Homicide sexuel organisé – Objet contondant (tuyau métallique) – Enlèvement
Shawinigan-Sud – 3 SC
Marcel Bernier, 43 ans, inconnu de sa victime, condamné à mort, sentence commuée en emprisonnement à vie.
Le 8 août 1961, à Shawinigan Sud, Denise Therrien, une adolescente de 16 ans qui croyait se rendre à son premier véritable emploi, est descendu de l’autobus Carier & Frère en face du cimetière Saint-Michel. C’est la dernière fois qu’on la voyait vivante.

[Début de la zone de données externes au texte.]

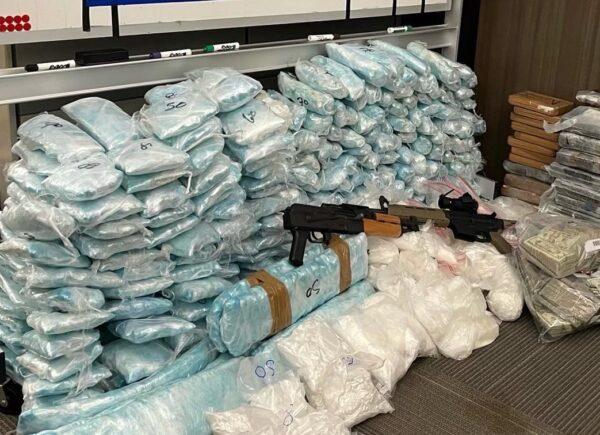 Fentanyl, firearms, and cash confiscated by DEA Los Angeles. (Courtesy of DEA Los Angeles)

Devant un problème d’organisation policière, c’est Henri Therrien, le père de la jeune disparue, qui a été le premier à ouvrir sa propre enquête. Au soir même du 8 août, il a effectué des recherches dans les environs et le vendredi suivant il se rendait à la maison du fossoyeur Marcel Bernier pour lui demander s’il n’avait pas vu quelque chose. Bernier est aussitôt devenu très nerveux en plus de tenir un langage incohérent. Il a même donné des réponses à des questions qui ne lui étaient pas soumises. Le dimanche, c’est en compagnie de sa femme et de sa belle-mère que Bernier s’est arrêté en face de la maison des Therrien au volant de sa camionnette. Alors qu’il n’était question que de disparition, il a soudainement lancé : « ça prend un criss d’écœurant pour faire une affaire de même. » Étrangement, il a mentionné que Denise avait vidé son compte de banque, alors qu’Henri savait parfaitement que sa fille n’avait aucun compte de ce genre. Bernier a aussi tenté de s’immiscer dans l’enquête en essayant de promettre un marché avec le père de Denise : se tenir mutuellement au courant des développements.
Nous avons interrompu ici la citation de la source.